Suppose given n stairs, and currently, and we are at the ground(stair 0), then at a time we can go to either :
a. stair 1, remaining stairs = n-1
b. stair 2, remaining stairs = n-2
c. stair 3, remaining stairs = n-3

Let’s say we have 3 stairs:

In the above diagram, values(steps) marked yellow are being recomputed. To avoid this recomputation, we will use Dynamic Programming (i.e, by saving the result when we calculate the first time and using the saved result next time).

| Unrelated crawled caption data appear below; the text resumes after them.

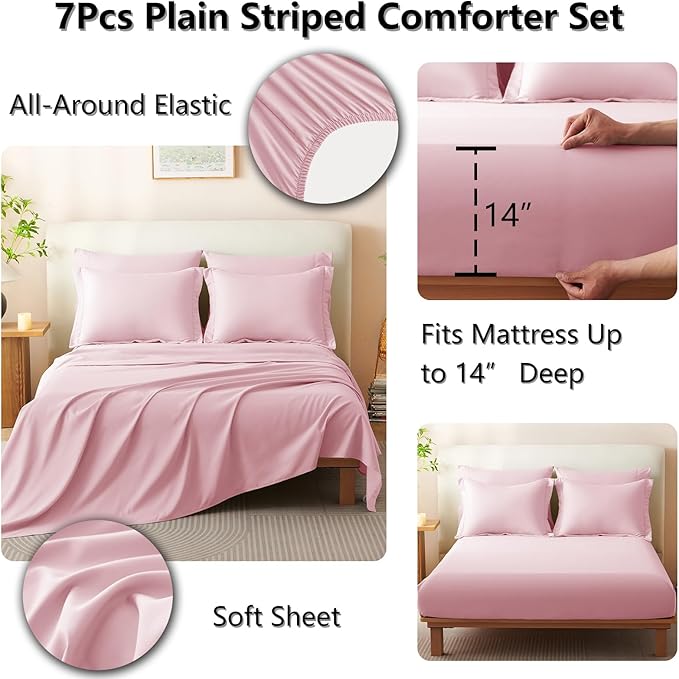CozyLux King Comforter Set - 7 Pieces Bed in a Bag Pink Comforter Set with Sheets Luxury Bed Set All Seasons, Soft Bedding Set with Down Alternative Comforter, Sheets, Pillowcases & Shams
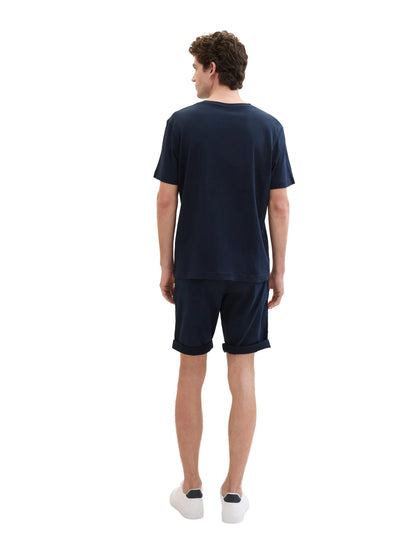 Tom Tailor Sky Captain Blue Men Stretch Chino Shorts SKU: 1040228_10668 Image 04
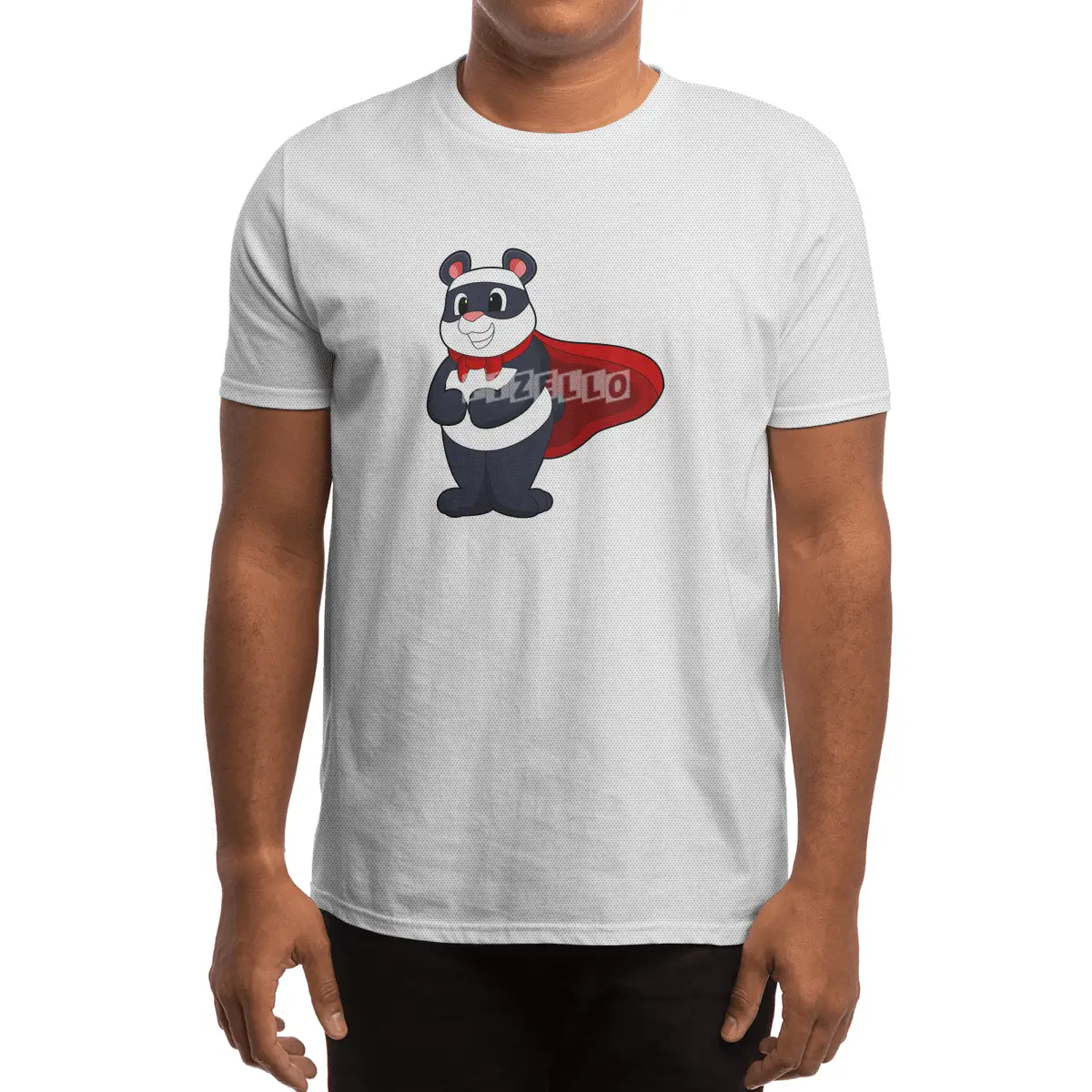 Panda as Hero with Mask & Cape Spor T-Shirt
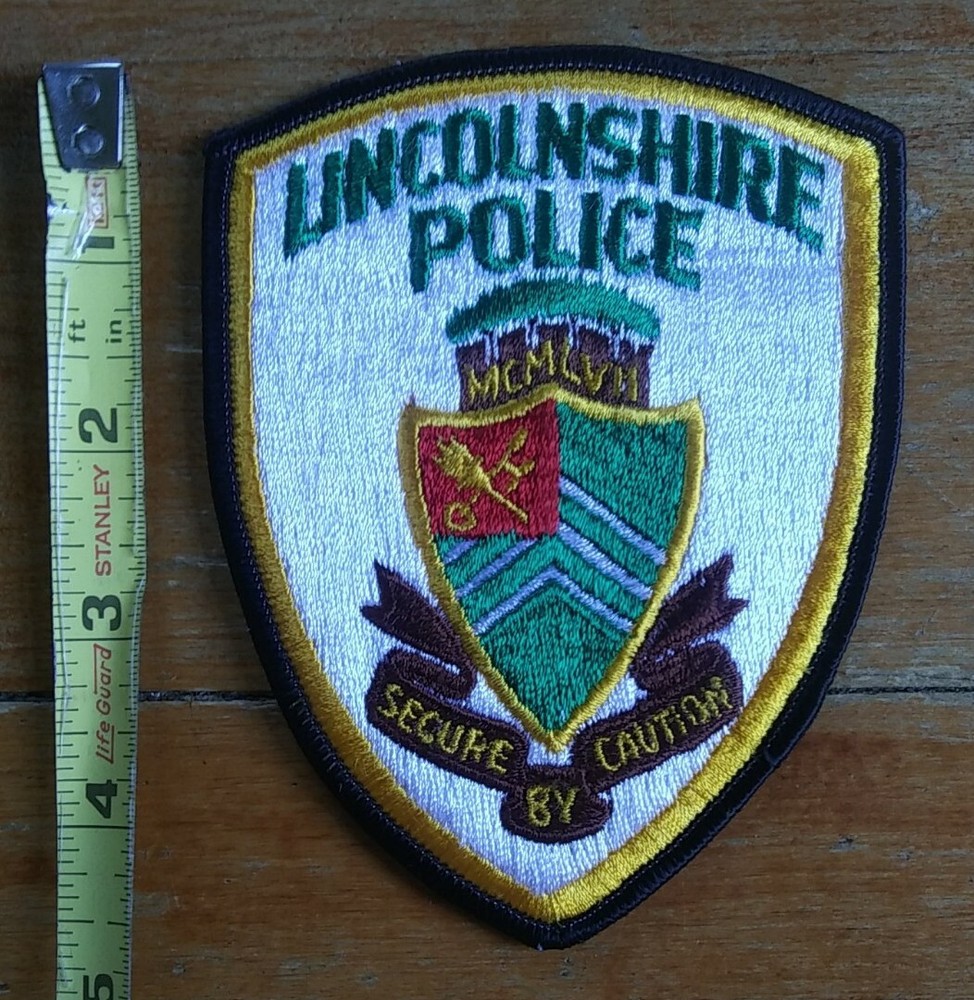 VINTAGE ~ LINCOLNSHIRE ILLINOIS ~ COLLECTORS PATCH Secure By Caution
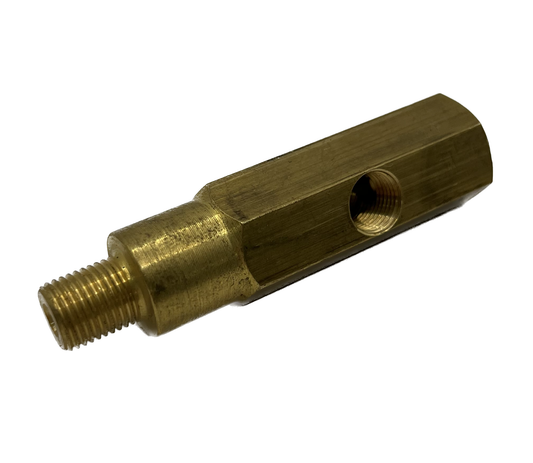 T-Piece Adaptor. Brass. Oil. M10x1.0 x M10x1.0 x 1/8"-27NPTF, 66mm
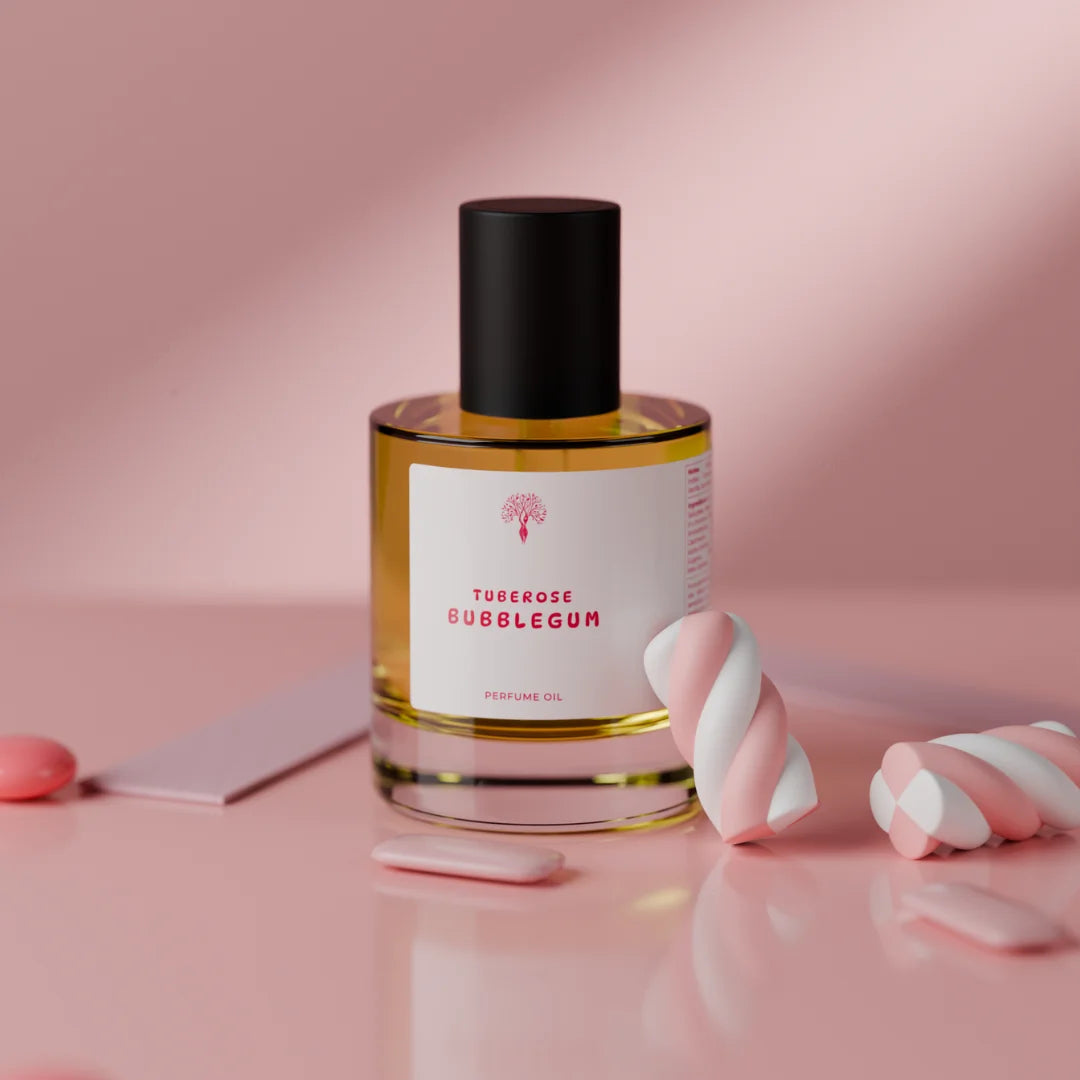 Tuberose Bubblegum perfume oil bottle with a dropper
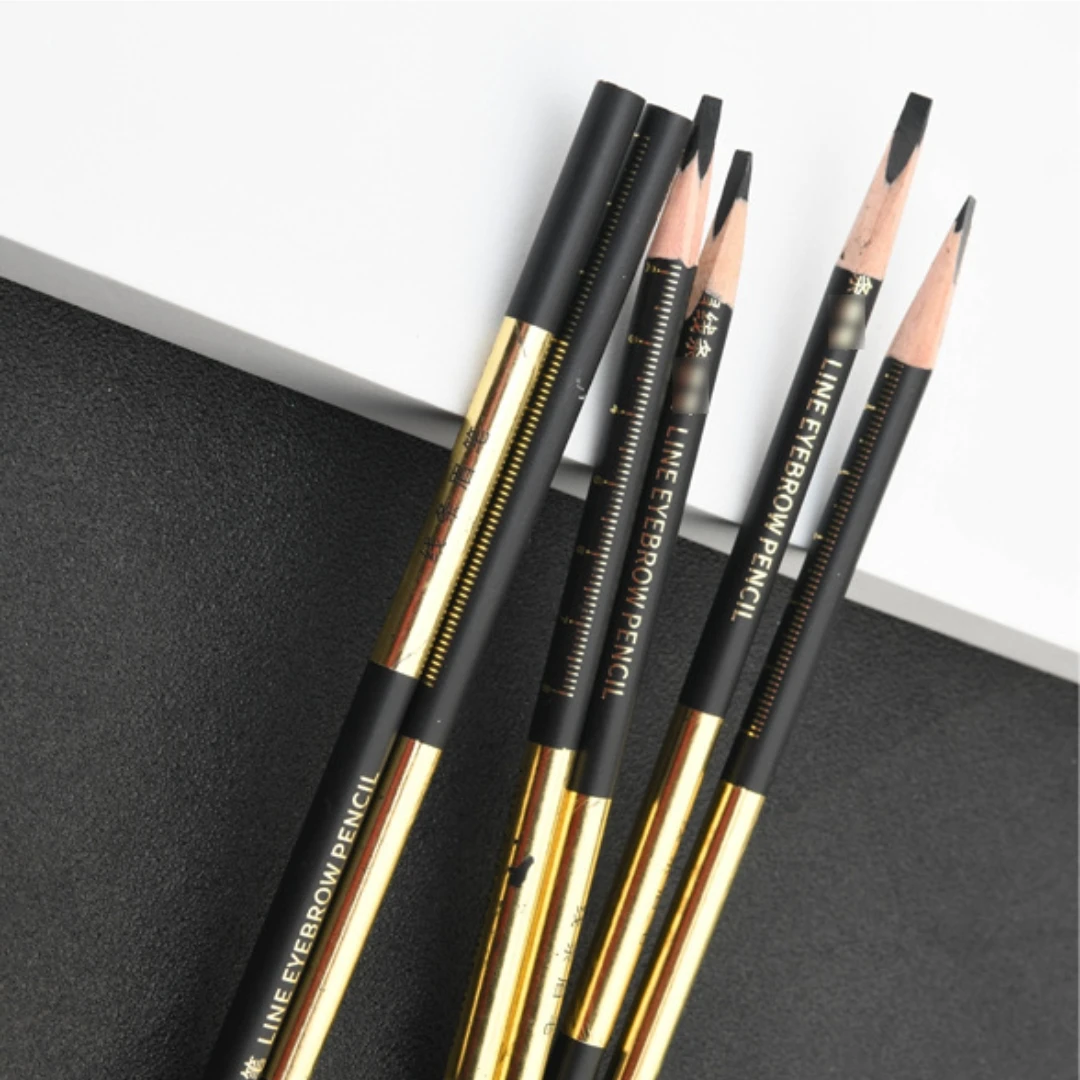 1PCS Black Line Eyebrow Design Pen Embroidery Hard Core Makeup Artist Drawing Eyebrow Waterproof Eyebrow Scale Positioning Pen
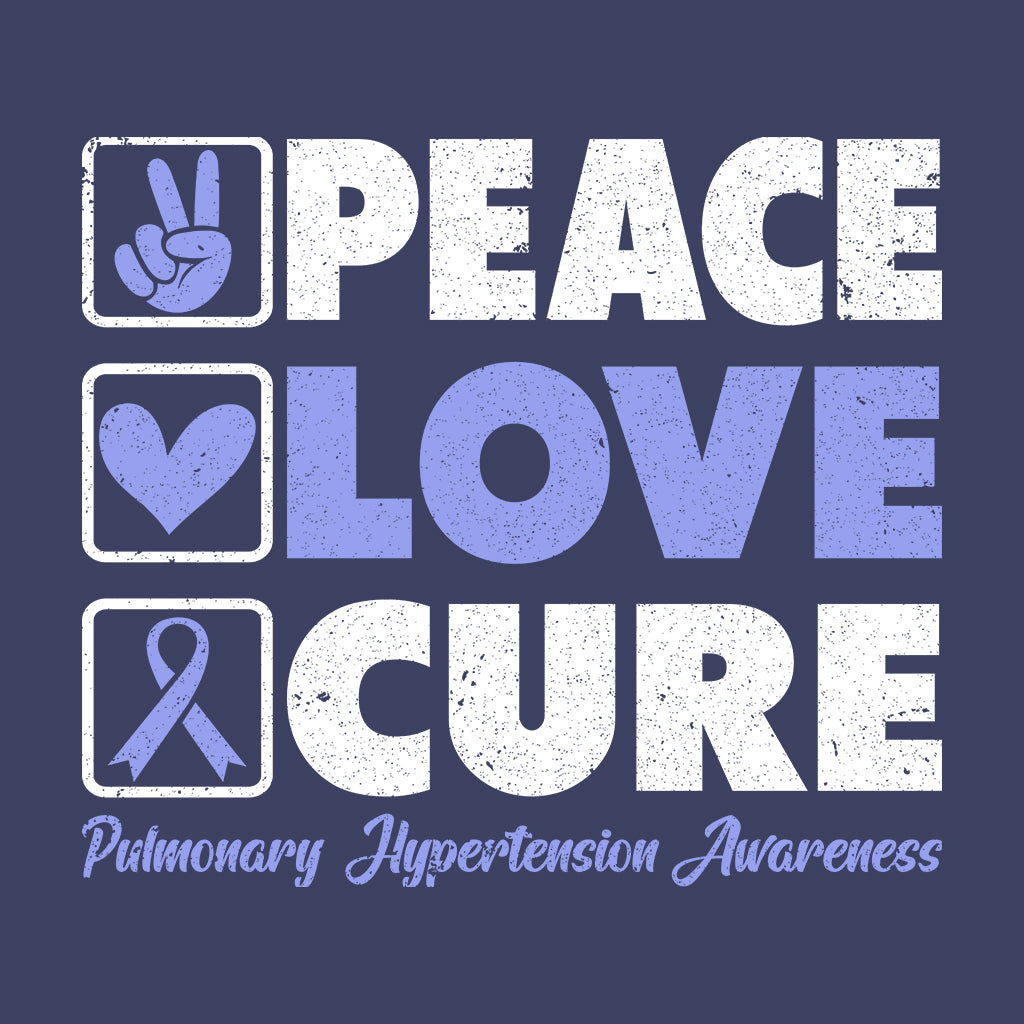 Pulmonary Hypertension Awareness Peace Love Cure | PRODUCT CODE: PCELVOURCE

##### Implementation of the above algorithm in CPP
```#include <bits/stdc++.h>
using namespace std;

int total_steps(int n, vector<int>&dp){

if(n<0)
return 0;

if(n==0||n==1)
return 1;

if(dp[n]==-1)
dp[n] = total_steps(n-1,dp) +total_steps(n-2,dp) +total_steps(n-3,dp);

return dp[n];
}

int main()
{
int n;
cin>>n;
vector<int>dp(n+1,-1);

cout<<total_steps(n,dp)<<endl;

return 0;
}
```
```Output
n = 3,   output: 4
n = 4,   output: 7
n = 28,  output: 15902591
```
###### Time Complexity

Time Complexity of the above program using Dynamic Programming is O(N), where N is the number of stairs.